110258 – Lenovo V110-15AST AMD A9-9410 AMD R5 Stoney hangs after waking after suspend. 5.0 onwards

Bug 110258 - Lenovo V110-15AST AMD A9-9410 AMD R5 Stoney hangs after waking after suspend. 5.0 onwards

Summary: Lenovo V110-15AST AMD A9-9410 AMD R5 Stoney hangs after waking after suspend...

Status:	RESOLVED MOVED

Alias:	None

Product:	DRI
Classification:	Unclassified
Component:	DRM/AMDgpu (show other bugs)
Version:	XOrg git
Hardware:	x86-64 (AMD64) Linux (All)

Importance:	medium major
Assignee:	Default DRI bug account
QA Contact:

URL:
Whiteboard:
Keywords:

Duplicates (2):	110457 111399 (view as bug list)
Depends on:
Blocks:

Reported:	2019-03-27 11:27 UTC by ukbeast89
Modified:	2019-11-19 09:18 UTC (History)
CC List:	5 users (show)

See Also:
i915 platform:
i915 features:

Attachments
lshw (23.13 KB, text/plain) 2019-03-27 11:35 UTC, ukbeast89	no flags	Details
View All

Description ukbeast89 2019-03-27 11:27:01 UTC

The issue started on Linux 4.19, failed to enter suspend. I managed to fix that by disabling amd display code on boot.

4.20, I was able to use use suspend and have amd display code.

5.0, first stared to have screen freezes after resume, but the cursor
is able to move on screen. 

I will boot into 5.1-rc2 to post lshw soon.

Comment 1 ukbeast89 2019-03-27 11:35:01 UTC

Created attachment 143789 [details]
lshw

Comment 2 Ethan 2019-04-03 01:31:12 UTC

I am experiencing the exact same issue on my Dell Inspiron 3185 with a Stoney Ridge A9-9420e. I have tried multiple kernels and distributions and I experience the same freeze as described on resume from suspend. (I haven't found a setup that can resume from suspend at all.) On X11, the  cursor still works but everything else on the display has hung. On wayland the whole display freezes on resume. I can get these lines in the kernel log though ssh after this happens:

[   60.081396] [drm:amdgpu_job_timedout [amdgpu]] *ERROR* ring gfx timeout, signaled seq=379, emitted seq=382
[   60.081550] [drm:amdgpu_job_timedout [amdgpu]] *ERROR* Process information: process Xorg pid 2030 thread Xorg:cs0 pid 2031
[   60.081560] [drm] IP block:gfx_v8_0 is hung!
[   60.081637] [drm] GPU recovery disabled.
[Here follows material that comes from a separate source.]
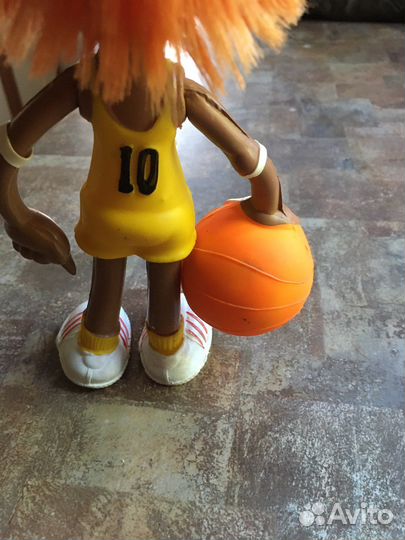 Пупс баскетболист мягкие игрушки медведи пупсы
Passing amdgpu.gpu_recovery=1 to the kernel gets a larger kernel error message, but does not fix the issue.

Comment 3 ukbeast89 2019-04-03 18:19:01 UTC

I am able to use 4.19LTS with amdgpu.dc=0 to have suspend working.
I hope the next 5.1 gets fixed.

Comment 4 tigerjack89 2019-04-06 13:37:46 UTC

Same problem here with an HP 255 G6 laptop with the following GPU details:

Amd radeon R2
GPU name: Beema
Architecture: GCN 2.0 or GCN 1.2
Bus: IGP
UVD 6
Device ID: 98E4

I was able to use suspend before upgrading to 5.0 kernel.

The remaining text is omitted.